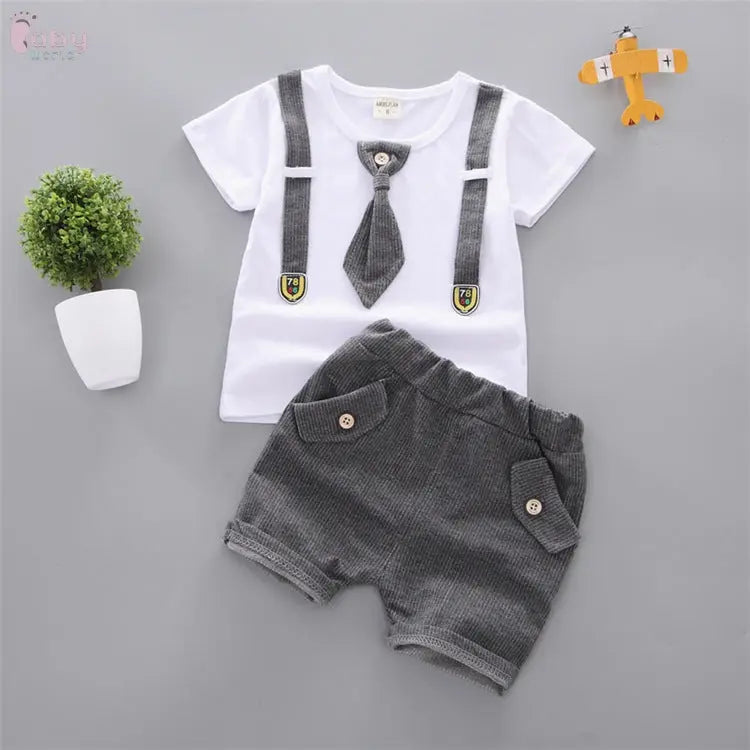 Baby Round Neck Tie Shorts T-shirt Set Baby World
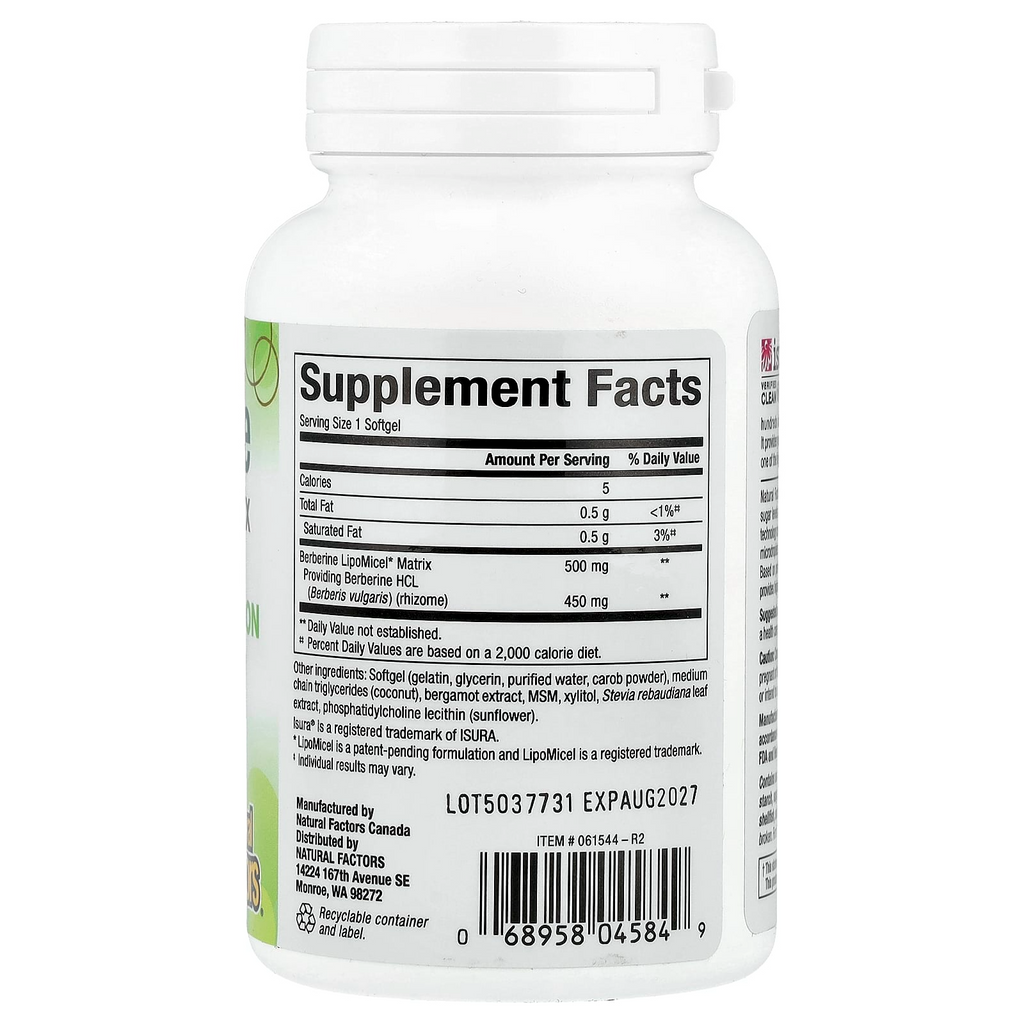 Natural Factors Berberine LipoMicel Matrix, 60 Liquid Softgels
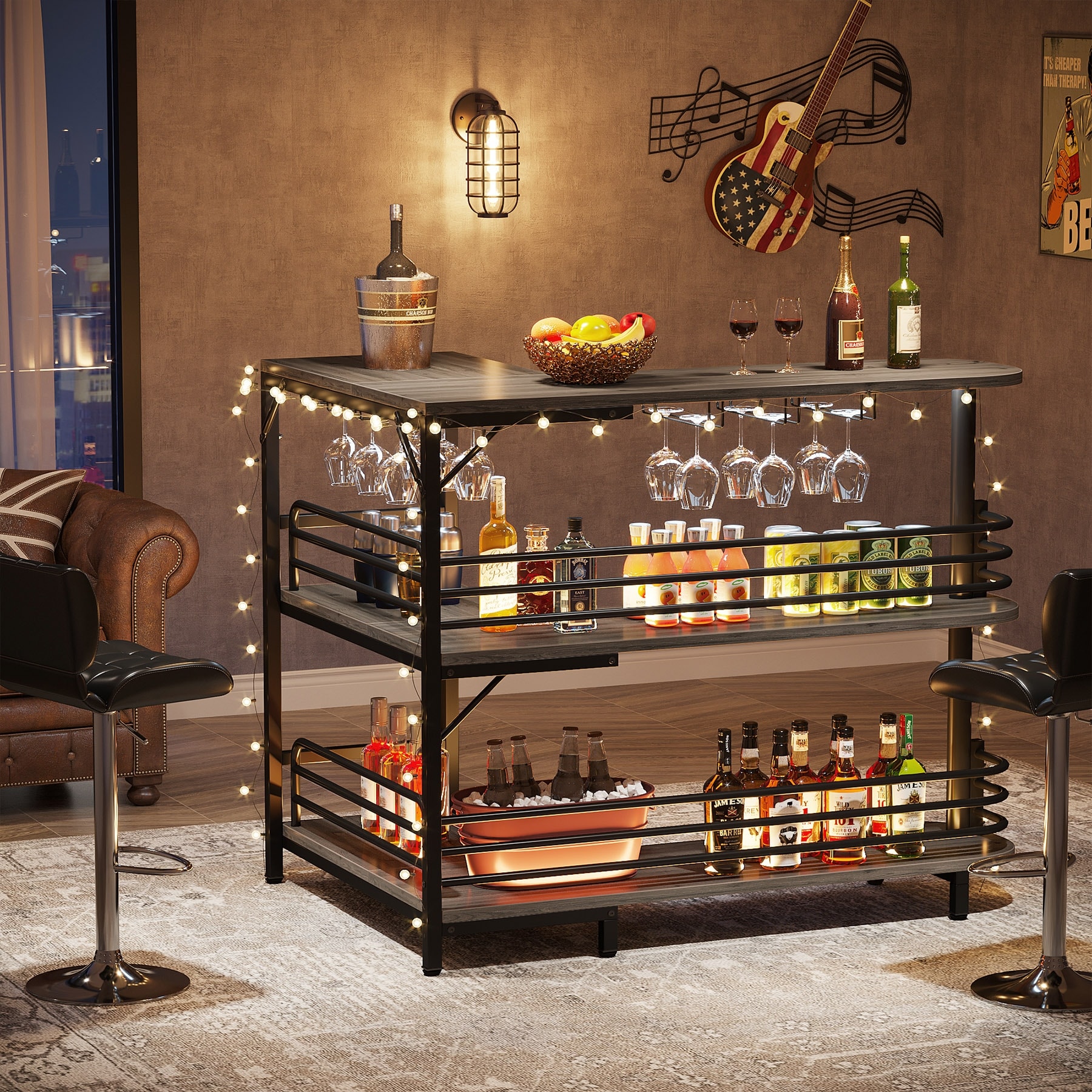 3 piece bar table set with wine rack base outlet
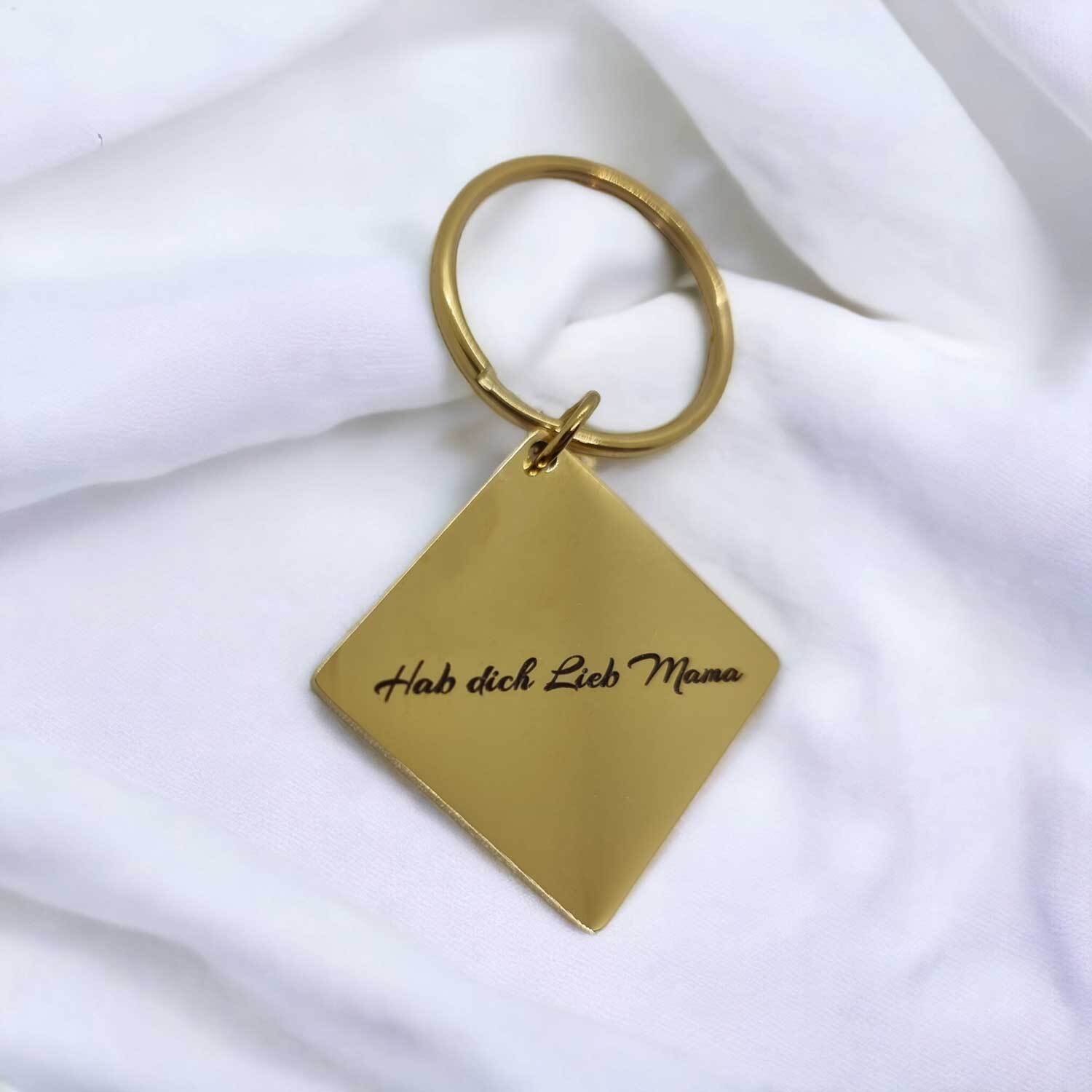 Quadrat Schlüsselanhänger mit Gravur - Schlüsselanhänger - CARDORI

To do: When you retype the data above, match every line exactly and leave the pictures behind.

Exercise solution:
 Baby Round Neck Tie Shorts T-shirt Set Baby World
 Natural Factors Berberine LipoMicel Matrix, 60 Liquid Softgels
 3 piece bar table set with wine rack base outlet
 Quadrat Schlüsselanhänger mit Gravur - Schlüsselanhänger - CARDORI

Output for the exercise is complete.